Bridging part-time work is nothing more than a right of employees to work part-time, combined with the right to return to full-time work or to working a greater number of hours after a fixed period of time working part-time. This new entitlement to work part-time is regulated by § 9a of the Part-time and Full-time Employment Act (Teilzeit- und Befristungsgesetz, TzBfG).

The aim of this provision is to enable employees to adapt their working time over a longer, but still fixed time period so as to best suit the stage of their life. The reasons for such a request are varied and might include raising or caring for family members, health or personal reasons, pursuing a hobby or honorary or voluntary work, but the law does not require employees to provide or prove a reason.

For the first time, the new law gives employees the right to reduce their working time for a specific time period, as determined in advance, and then to return to working at their earlier level of working time. In contrast to the existing possibility to permanently reduce the working time (§8 TzBfG), the reduction of working time in the case of bridging part-time work is only temporary.

One goal of the new law is to allow employees to voluntarily work part-time, but not be locked involuntarily in the “part-time trap”. Previously, the right to work part-time for a longer, indefinite period did not entail an unconditional right to increase the working time or return to the previous level of working time.

Instead, when an employee made an application to extend their working time (under §9 TzBfG), the employer was only obliged to give preference to the employee’s wish when a suitable position with the same qualifications became available within the company.

2. Eligibility criteria

Claims for bridging part-time can only be made when more than 45 employees work for the employer.
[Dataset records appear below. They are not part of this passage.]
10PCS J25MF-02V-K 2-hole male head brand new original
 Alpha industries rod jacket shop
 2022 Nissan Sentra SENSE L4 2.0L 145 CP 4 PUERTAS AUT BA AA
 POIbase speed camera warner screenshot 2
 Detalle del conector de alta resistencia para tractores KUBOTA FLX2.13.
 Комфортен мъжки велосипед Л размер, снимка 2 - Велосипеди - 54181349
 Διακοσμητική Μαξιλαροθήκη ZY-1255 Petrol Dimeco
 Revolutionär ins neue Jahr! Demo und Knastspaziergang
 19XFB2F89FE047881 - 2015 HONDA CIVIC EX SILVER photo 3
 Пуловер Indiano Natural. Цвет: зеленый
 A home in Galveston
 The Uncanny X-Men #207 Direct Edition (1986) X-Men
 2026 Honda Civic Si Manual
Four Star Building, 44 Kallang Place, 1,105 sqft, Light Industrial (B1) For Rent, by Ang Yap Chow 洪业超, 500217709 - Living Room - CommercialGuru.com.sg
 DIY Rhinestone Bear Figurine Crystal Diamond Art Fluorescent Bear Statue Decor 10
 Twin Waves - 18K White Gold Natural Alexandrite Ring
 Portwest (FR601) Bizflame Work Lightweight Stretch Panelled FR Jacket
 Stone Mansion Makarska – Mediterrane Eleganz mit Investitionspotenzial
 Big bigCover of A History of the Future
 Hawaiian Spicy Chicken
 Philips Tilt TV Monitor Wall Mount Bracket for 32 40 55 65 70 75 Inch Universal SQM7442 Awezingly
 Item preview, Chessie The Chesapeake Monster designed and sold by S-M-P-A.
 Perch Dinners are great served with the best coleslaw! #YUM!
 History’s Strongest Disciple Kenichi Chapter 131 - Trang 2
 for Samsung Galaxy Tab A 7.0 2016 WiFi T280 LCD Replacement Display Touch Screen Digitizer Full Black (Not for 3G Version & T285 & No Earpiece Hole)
There is no obligation on smaller companies to grant bridging part-time in order to avoid placing excessive demands on such companies.

  • Practical tip

    When determining whether the minimum number of employees has been exceeded, the decisive factor is not the size of the plant, but the size of the company. Plants with 45 or fewer employees can therefore be confronted with the requests for bridging part-time when they are part of a company that exceeds this employee threshold.

Whether the company employs more than 45 people should be determined on the basis of the general employment situation. Temporary increases or decreases are irrelevant.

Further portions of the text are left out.